A monument recognizing Howard County native Opha Mae Johnson as the first female to join the U.S. Marine Corps has been in the works for more than a year. It’s visionary, Jerry Paul, secured the commitment of the Howard County Board of Commissioners to display the monument and to help underwrite its cost.
But Howard County Veterans Memorial Corp. representative Blake Dahl approached the board of commissioners on Nov. 20 to discuss a sudden change of heart on the county’s side.
“I think you guys probably heard from the security committee at the courthouse that they went ahead and nixed the monument,” said Dahl.
“I would change the verbiage,” responded Commissioner Jeff Lipinski. “That’s not our intent. They were clear it was a security issue. But we are 100 percent for the project, just in a different location.”

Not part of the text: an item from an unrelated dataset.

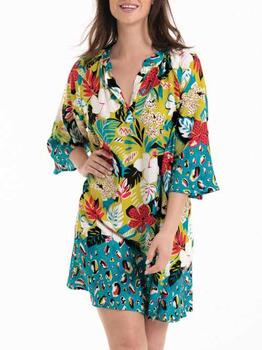 Rosa Faia Bademode Manihi Türkis Strandkleid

The monument, which would have consisted of tall, headstone-like displays, was considered a bad fit for the west side of the courthouse, where inmates are loaded and unloaded for their court appearances. Dahl, a practicing attorney, conceded the corporation’s push to have another display on the courthouse lawn.
“No matter what, our goal here is honor over Opha Mae Johnson,” said Dahl. “We’d like to maybe get your assistance in finding another place here in town. I just want to say thank you all for your patience and your commitment.”
The commissioners agreed to aid in locating a home for the proposed monument and reiterated their support for the monument.